How the three-dimensional geometry of computational domain(s) affects the accuracy of non-reflective boundary conditions in acoustic simulation

TL;DR

This study investigates how the 3D geometry of computational domains influences the effectiveness of non-reflective boundary conditions in acoustic simulations, demonstrating that certain geometries can significantly reduce boundary reflections and computational costs.

Contribution

It quantifies the impact of domain geometry on boundary reflection minimization and proposes optimized geometries to improve simulation efficiency and accuracy.

Findings

Reflections are minimal when pulse amplitude is below 0.5% of atmospheric pressure.

Certain geometries can neglect the computational region behind the bell, reducing memory and runtime.

Geometry manipulation can effectively reduce boundary reflections in 3D acoustic simulations.

Abstract

Describing and simulating acoustic wave propagation can be difficult and time consuming; especially when modeling three-dimensional (3D) problems.
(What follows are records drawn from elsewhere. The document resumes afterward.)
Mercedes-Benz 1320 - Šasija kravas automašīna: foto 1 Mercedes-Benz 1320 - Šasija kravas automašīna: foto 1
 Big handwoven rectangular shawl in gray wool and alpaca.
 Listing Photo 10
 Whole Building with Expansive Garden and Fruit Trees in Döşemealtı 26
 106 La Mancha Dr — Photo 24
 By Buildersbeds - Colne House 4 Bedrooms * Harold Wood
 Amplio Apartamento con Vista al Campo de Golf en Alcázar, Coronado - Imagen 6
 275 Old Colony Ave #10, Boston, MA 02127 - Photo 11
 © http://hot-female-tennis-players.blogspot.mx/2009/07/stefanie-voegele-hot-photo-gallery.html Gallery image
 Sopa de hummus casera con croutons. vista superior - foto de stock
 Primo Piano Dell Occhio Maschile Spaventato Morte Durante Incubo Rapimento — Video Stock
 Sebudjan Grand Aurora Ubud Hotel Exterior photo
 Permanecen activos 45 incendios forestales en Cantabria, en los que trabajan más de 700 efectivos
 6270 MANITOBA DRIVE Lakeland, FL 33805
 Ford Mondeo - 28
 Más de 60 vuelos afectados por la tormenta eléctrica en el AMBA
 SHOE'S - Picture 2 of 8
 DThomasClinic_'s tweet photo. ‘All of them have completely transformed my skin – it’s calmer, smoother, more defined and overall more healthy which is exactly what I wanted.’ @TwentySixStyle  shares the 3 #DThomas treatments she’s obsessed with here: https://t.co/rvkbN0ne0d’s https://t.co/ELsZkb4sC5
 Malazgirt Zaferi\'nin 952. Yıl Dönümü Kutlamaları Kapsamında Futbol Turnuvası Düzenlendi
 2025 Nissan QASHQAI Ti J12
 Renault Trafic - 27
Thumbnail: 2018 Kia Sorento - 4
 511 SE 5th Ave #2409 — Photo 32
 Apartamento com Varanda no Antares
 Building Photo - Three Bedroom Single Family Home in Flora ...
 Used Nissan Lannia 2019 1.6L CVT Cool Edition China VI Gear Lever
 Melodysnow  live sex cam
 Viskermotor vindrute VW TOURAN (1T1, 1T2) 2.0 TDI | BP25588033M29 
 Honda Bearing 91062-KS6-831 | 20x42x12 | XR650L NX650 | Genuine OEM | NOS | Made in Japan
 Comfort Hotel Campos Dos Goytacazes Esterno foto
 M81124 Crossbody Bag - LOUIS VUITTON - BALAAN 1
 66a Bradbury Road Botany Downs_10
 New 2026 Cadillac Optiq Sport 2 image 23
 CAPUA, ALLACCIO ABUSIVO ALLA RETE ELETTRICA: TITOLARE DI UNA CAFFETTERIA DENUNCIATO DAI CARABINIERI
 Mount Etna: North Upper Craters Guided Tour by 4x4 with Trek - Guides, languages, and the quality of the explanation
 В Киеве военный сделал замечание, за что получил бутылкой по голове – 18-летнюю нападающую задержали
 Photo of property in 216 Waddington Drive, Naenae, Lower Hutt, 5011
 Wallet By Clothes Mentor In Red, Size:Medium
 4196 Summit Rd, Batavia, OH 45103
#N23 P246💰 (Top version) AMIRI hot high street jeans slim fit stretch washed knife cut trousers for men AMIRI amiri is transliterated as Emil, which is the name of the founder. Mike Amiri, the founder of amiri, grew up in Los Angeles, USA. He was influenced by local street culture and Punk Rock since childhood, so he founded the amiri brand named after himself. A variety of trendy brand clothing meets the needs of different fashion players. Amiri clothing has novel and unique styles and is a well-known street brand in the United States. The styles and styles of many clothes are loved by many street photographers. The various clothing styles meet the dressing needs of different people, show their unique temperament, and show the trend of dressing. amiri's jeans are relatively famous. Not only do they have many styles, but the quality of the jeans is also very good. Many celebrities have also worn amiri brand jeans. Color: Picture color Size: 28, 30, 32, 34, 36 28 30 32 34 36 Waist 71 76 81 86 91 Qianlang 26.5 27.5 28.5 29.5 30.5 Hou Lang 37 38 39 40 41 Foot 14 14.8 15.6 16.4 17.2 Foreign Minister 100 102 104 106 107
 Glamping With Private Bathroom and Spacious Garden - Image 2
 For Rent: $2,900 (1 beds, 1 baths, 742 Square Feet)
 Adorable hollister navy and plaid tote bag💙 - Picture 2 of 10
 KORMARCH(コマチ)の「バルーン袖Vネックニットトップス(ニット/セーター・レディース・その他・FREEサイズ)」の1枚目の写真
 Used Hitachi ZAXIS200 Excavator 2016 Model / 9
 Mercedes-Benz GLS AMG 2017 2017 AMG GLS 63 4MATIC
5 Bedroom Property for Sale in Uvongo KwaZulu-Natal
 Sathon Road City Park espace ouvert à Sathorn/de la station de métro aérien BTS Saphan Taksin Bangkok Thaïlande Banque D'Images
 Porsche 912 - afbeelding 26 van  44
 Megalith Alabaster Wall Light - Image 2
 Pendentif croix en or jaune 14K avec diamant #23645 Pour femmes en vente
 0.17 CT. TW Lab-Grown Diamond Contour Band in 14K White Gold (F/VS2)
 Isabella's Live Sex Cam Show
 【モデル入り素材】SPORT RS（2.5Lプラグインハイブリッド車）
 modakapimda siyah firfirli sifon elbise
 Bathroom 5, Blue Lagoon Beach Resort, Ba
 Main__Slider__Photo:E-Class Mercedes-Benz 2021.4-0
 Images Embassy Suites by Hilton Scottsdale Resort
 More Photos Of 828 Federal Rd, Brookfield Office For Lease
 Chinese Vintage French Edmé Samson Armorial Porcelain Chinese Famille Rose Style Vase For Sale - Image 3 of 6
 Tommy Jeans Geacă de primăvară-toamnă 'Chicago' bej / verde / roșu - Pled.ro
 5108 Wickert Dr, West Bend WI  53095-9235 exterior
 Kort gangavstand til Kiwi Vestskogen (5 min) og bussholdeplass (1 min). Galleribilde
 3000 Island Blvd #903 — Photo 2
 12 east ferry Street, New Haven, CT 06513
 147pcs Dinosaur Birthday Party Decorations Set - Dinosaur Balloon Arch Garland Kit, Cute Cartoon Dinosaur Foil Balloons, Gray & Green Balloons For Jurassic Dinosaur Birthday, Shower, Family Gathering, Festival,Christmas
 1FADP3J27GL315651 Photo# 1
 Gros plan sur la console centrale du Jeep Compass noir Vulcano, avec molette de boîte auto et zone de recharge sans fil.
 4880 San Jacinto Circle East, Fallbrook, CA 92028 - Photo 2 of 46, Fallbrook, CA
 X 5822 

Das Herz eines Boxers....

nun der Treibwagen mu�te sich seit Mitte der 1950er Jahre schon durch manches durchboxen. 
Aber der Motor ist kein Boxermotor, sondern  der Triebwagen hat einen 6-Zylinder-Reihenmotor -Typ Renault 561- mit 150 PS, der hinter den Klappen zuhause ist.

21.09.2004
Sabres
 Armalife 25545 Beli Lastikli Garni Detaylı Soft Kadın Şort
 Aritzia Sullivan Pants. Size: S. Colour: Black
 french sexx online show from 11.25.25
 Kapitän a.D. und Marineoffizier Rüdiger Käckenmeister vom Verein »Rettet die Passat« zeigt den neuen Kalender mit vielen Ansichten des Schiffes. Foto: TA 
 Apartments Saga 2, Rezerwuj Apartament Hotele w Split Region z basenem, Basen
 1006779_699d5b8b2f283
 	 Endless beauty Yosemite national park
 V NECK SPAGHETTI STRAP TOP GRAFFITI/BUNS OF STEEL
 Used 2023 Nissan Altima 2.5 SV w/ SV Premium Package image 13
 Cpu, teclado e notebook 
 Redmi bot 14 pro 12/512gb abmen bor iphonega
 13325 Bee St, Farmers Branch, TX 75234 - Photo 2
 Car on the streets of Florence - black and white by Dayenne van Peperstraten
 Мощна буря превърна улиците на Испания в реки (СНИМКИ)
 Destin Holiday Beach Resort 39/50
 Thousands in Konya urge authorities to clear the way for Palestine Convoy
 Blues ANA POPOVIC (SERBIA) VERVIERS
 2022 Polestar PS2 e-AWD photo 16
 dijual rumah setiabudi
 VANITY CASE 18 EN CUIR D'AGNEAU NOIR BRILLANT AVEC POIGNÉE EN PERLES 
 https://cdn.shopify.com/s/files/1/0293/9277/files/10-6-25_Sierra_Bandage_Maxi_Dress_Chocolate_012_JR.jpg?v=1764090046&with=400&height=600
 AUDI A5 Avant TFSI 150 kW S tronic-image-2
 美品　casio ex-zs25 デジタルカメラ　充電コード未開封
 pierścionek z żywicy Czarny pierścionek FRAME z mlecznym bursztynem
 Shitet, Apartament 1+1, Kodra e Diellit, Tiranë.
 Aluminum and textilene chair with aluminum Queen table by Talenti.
As the propagating waves exit the computational domain, the amplitude needs to be sufficiently small otherwise reflections can occur from the boundary influencing the numerical solution. This paper will attempt to quantify what is meant by `sufficiently small' and investigate whether the geometry of the computational boundary can be manipulated to reduce reflections at the outer walls. The 3D compressible Euler equations were solved using the discontinuous Galerkin method on a graphical processing unit. A pressure pulse with an amplitude equivalent to 10% of atmospheric pressure was simulated through a modified trumpet within seven different geometries. The numerical results indicate that if the amplitude of the pulse is less than 0.5% of atmospheric pressure, reflections are minimal and do not significantly influence the solution in the domain. Furthermore, the computational region behind the bell can be neglected greatly reducing the required memory and run time.